Duration of Immune Checkpoint Therapy in Locally Advanced or Metastatic Urothelial Carcinoma: A Randomized Phase 3 Non-Inferiority Trial (IMAGINE)

Official Summary

This phase III trial compares survival in urothelial cancer patients who stop immune checkpoint inhibitor treatment after being treated for about a year to those patients who continue treatment with immune checkpoint inhibitors. Immunotherapy with monoclonal antibodies, such as avelumab, durvalumab, pembrolizumab, atezolizumab, and nivolumab, may help the body's immune system attack the cancer, and may interfere with the ability of tumor cells to grow and spread. Stopping immune checkpoint inhibitors early may still make the tumor shrink and patients may have similar survival rates as the patients who continue treatment. Stopping treatment early may also lead to fewer treatment-related side effects, an improvement in mental health, and a lower cost burden to patients.

Eligibility Requirements

• Minimum Age: 18 Years

Study Design

• Study Type: INTERVENTIONAL
• Allocation: RANDOMIZED
• Model: PARALLEL
• Masking: NONE
• Enrollment: 3 participants

Study Arms

• Arm A (immune checkpoint inhibitor) (ACTIVE_COMPARATOR)
  CONTINUATION OF ICI TREATMENT: Patients receive either pembrolizumab intravenously (IV) over 30 minutes on day 1, nivolumab IV over 30 minutes on days 1 and 15, atezolizumab IV over 30-60 minutes on day 1, durvalumab IV over 60 minutes on days 1 and 15, or avelumab IV over 60 minutes on days 1 and 15. Cycles repeat every 21 or 42 days for pembrolizumab, every 21 days for atezolizumab, and 28 days for nivolumab, durvalumab, and avelumab in the absence of disease progression or unacceptable toxic
• Arm B (immune checkpoint inhibitor) (EXPERIMENTAL)
  DISCONTINUATION OF ICI TREATMENT: Patients receiving ICI treatment will discontinue ICI treatment within 1 cycle length after randomization.
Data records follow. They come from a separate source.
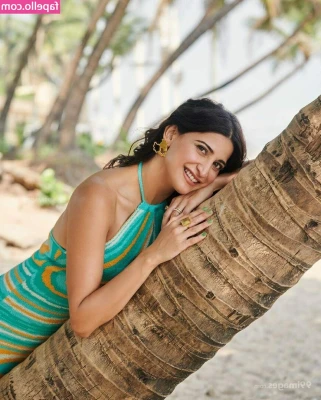 Aahana Kumra [ aahana-kumra ] - Spoil me today Daddy, and I'll make sure that you'll get what you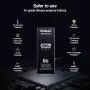 Battery fit iPhone 6s 2500mAh, Replacement Battery with High Capacity for iPhone 6s with Full Remove Tool Kit (Only for 6s) New Battery fit iPhone 6s 2500mAh, Replacement Battery with High Capacity for iPhone 6s with Full Remove Tool Kit (Only for 6s) New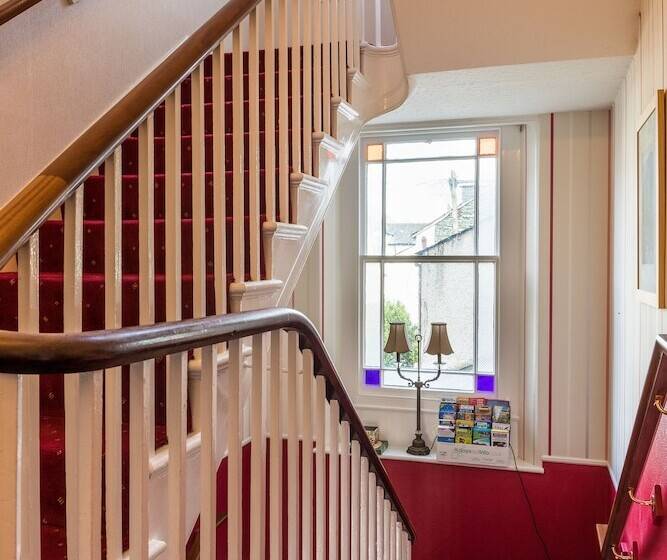 مبيت وإفطار Dorchester House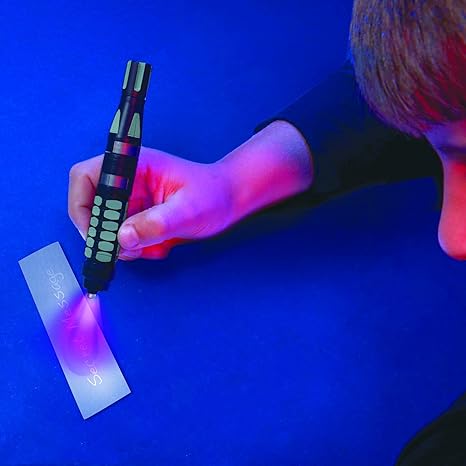 SpyX / Micro Gear Set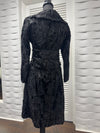 Vintage Sakawra Coat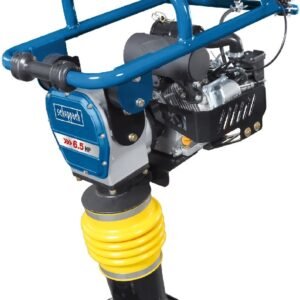 Scheppach Benzin-Vibrationsstampfer VS 1000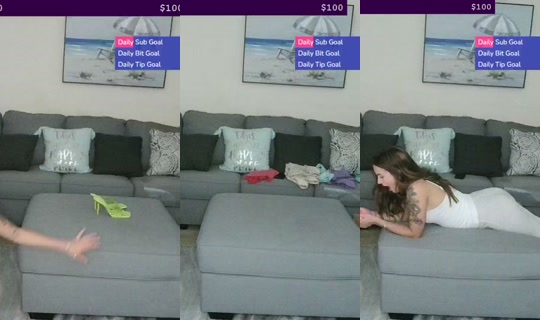 zuhlaynuh's Stream - Jul 23, 2026, 5:34 AM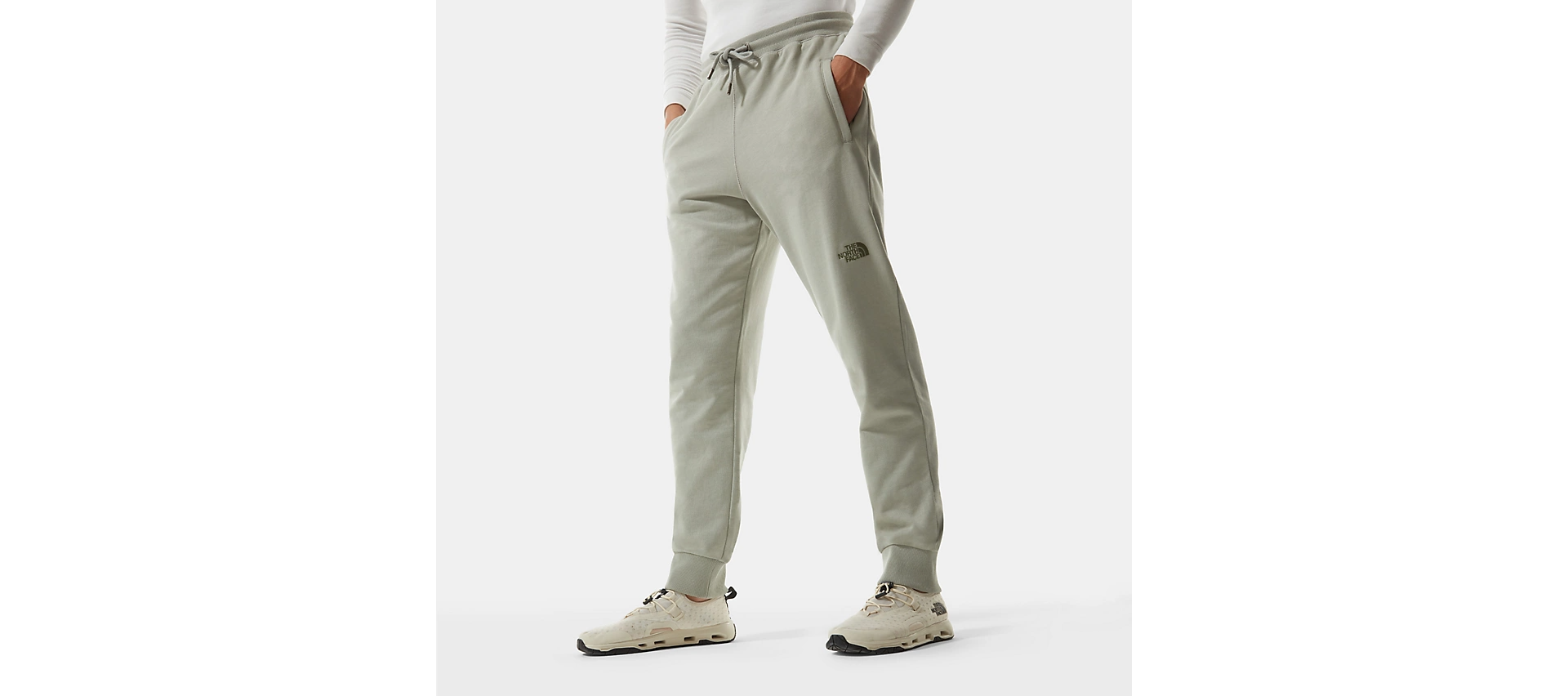 Pantalone Uomo Leggero Con Polsino Be Board 920 - Taglie Da M A 3XL - Foto 14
Cycle length is determined by the ICI regimen the patient is receiving at randomization. At disease progression patients may restart the same ICI treatment they were receiving upon randomization at physician discretion.

Interventions

• DRUG: Pembrolizumab — Given IV
• DRUG: Nivolumab — Given IV
• DRUG: Atezolizumab — Given IV
• DRUG: Durvalumab — Given IV
• DRUG: Avelumab — Given IV

Primary Outcomes

• Overall Survival (OS) Rate at 12 Months (12 months)

Secondary Outcomes

• Progression-free Survival (PFS) Rate at 12 Months (12 months)
• Immune-related Progression-free Survival (iPFS) Rate at 12 Months (12 months)
• Treatment-free Interval (Arm B) (From last dose of immune checkpoint inhibitor (ICI) to initiation of a subsequent systemic treatment or death, assessed up to 5 years)
• Rate of Response After Immune Checkpoint Inhibitor (ICI) Rechallenge (Arm B) (Up to 5 years)
• Number of Patients Experiencing Grade 3 or Greater Adverse Events (AEs) (2.5 years)

Eligibility Criteria

* Documentation of disease

  * Histologic documentation: Histologically or cytologically confirmed urothelial carcinoma (UC) with predominantly transitional-cell features
  * Stage: Locally advanced or metastatic disease prior to starting immune checkpoint blockade
  * Tumor Site: Bladder, renal pelvis, ureter, urethra, or prostate
* Patients must have received at least one cycle of current active treatment with standard of care (SOC) Food and Drug Administration (FDA) approved PD-1/L1 immune checkpoint inhibitor (ICI)-containing therapy for locally advance or metastatic UC
* Patients without progressive disease per Response Evaluation Criteria in Solid Tumors (RECIST) version (v) 1.1 guidelines (i.e., with an ongoing \[complete response\] CR, partial response \[PR\], or stable disease \[SD\]) following completion of 12-15 months of ICI treatment
* No history of tuberculosis, active hepatitis B (HBV) or hepatitis C (HCV), or uncontrolled human immunodeficiency virus (HIV)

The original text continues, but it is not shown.